In this case, the court rejected this argument. If funds felt that their confidential commercial information could be published without restraint, they would be less inclined to make full and candid disclosure to investors who would therefore be less well-informed in making their investments. This in turn would be to the detriment of the funds' beneficiaries.
By contrast, the court noted that there was no issue of publication being necessary to expose hypocrisy, incompetence, deceit or some other form of iniquity by BHAM. Perhaps a different decision would then have been reached. Accordingly, although this was a helpful decision to BHAM, like most cases it turned on its particular facts. The judgment is reassuring for those looking to protect confidentiality but is also a reminder that fund managers need actively to protect their confidential information. Taking individually tailored steps to preserve the confidentiality of key information, as recommended above, is a good starting point. Now would be a good time for fund managers to review their standard procedures where confidentiality is to be safeguarded.

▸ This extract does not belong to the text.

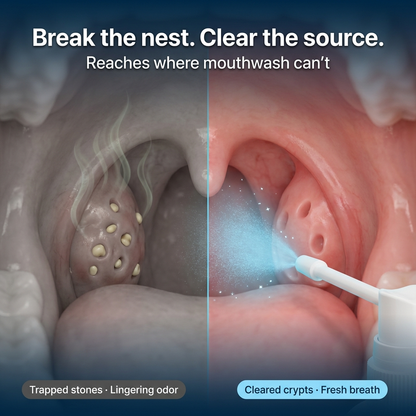 Tonsil Stone Cleaner - Deep Clean & Protective Barrier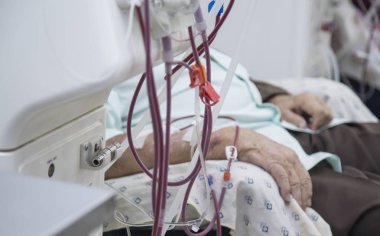 Ekipmanlardaki insanlarda hemodiyaliz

One final word of caution; the High Court has granted Reuters leave to appeal the decision. While the current judgment looks sound, Reuters continues to contend that it believes that "news and information that is in the public interest outweighs the confidentiality concerns put forward in this matter". This story and its implications may rumble for some time yet.
Peter Astleford is a partner at Dechert LLP and is co-head of their global financial services group of some 200 lawyers.